Jesús se compadece y toca. No teme volverse impuro. Sabe que la impureza nunca llega desde fuera. Sabe que lo impuro nace en el corazón. Y Él es puro. Ama, mira, toca y se expone al juicio y la condena de los que lo observan.

Toca a la pecadora delante de todos y no se vuelve impuro por haberla tocado. Al contrario. Sus manos puras purifican el corazón de esa mujer pecadora.

Mi mirada pura, mis gestos puros, hacen puro todo lo que toco. Y de igual forma, cuando mi mirada y mis gestos son impuros, hago impuro todo lo que toco.

Es así Jesús. Su mirada pura, su corazón puro, cuando me tocan, me hacen puro. Mi impureza desaparece en sus ojos. Su amor desbordado en mis pies, en mis manos, me hacen puro. Me limpian. Me sanan.

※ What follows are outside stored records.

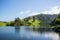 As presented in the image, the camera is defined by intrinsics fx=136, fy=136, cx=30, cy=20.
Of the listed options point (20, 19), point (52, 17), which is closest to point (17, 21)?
point (20, 19)

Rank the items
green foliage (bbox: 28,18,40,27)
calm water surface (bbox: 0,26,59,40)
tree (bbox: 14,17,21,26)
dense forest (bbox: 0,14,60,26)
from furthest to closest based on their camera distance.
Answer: green foliage (bbox: 28,18,40,27), dense forest (bbox: 0,14,60,26), tree (bbox: 14,17,21,26), calm water surface (bbox: 0,26,59,40)

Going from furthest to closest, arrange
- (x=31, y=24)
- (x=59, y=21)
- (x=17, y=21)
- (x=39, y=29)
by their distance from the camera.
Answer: (x=39, y=29)
(x=59, y=21)
(x=31, y=24)
(x=17, y=21)

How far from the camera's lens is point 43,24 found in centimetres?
1002

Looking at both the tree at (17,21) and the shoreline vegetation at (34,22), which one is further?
the shoreline vegetation at (34,22)

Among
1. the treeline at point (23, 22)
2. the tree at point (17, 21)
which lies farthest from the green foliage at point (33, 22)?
the tree at point (17, 21)

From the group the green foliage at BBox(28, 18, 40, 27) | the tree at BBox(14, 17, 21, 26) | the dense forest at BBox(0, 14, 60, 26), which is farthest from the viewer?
the green foliage at BBox(28, 18, 40, 27)

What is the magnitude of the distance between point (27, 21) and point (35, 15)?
2.68ft

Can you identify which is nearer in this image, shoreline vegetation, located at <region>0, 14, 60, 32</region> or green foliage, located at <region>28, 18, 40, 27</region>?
shoreline vegetation, located at <region>0, 14, 60, 32</region>

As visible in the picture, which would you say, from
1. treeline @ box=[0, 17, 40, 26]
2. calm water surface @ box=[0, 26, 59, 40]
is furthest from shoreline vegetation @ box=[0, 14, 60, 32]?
calm water surface @ box=[0, 26, 59, 40]

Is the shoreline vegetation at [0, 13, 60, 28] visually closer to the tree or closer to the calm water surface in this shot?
the tree

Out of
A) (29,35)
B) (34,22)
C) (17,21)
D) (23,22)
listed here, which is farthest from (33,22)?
(29,35)

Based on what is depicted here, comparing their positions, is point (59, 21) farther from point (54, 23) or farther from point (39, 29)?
point (39, 29)

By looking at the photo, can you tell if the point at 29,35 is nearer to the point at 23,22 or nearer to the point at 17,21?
the point at 23,22

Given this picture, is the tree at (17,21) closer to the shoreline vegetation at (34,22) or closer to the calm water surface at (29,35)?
the shoreline vegetation at (34,22) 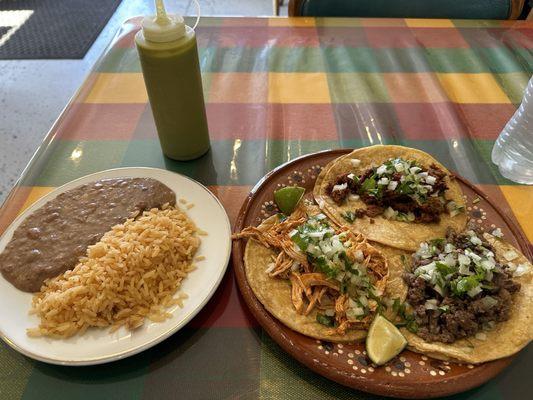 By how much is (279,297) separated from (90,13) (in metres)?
6.04

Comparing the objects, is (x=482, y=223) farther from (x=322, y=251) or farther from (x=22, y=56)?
(x=22, y=56)

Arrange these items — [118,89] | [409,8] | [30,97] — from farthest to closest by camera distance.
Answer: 1. [30,97]
2. [409,8]
3. [118,89]

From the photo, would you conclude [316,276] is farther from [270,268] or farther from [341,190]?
[341,190]

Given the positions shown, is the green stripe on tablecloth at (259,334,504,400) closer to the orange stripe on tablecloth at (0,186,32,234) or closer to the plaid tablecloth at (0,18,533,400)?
the plaid tablecloth at (0,18,533,400)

La misericordia ha sido derramada sobre esa mujer. Ha recibido mucho amor. Ha experimentado el perdón. Sin duda uno ama más cuando más ha sido perdonado.

Ante la mirada acusadora de Simón, Jesús le responde: “Simón, tengo algo que decirte. Un acreedor tenía dos deudores. Uno debía quinientos denarios y el otro cincuenta. Como no tenían para pagarle, perdonó a los dos. ¿Quién de ellos le amará más? Respondió Simón: – Supongo que aquel a quien perdonó más. Él le dijo: – Has juzgado bien. Por eso te digo que quedan perdonados sus muchos pecados, porque ha mostrado mucho amor. A quien poco se le perdona, poco amor muestra”.

Cuando uno ha visto que todo es misericordia en su vida, todo desproporción entre las obras y el amor recibido, entonces sólo cabe amar como respuesta.

Sabemos que las obras son importantes. Hoy Jesús le dice a la mujer pecadora: “Tus pecados quedan perdonados. Tu fe te ha salvado. Vete en paz”. Es una fe con obras la que salva su vida. Es una fe llena de gestos de amor.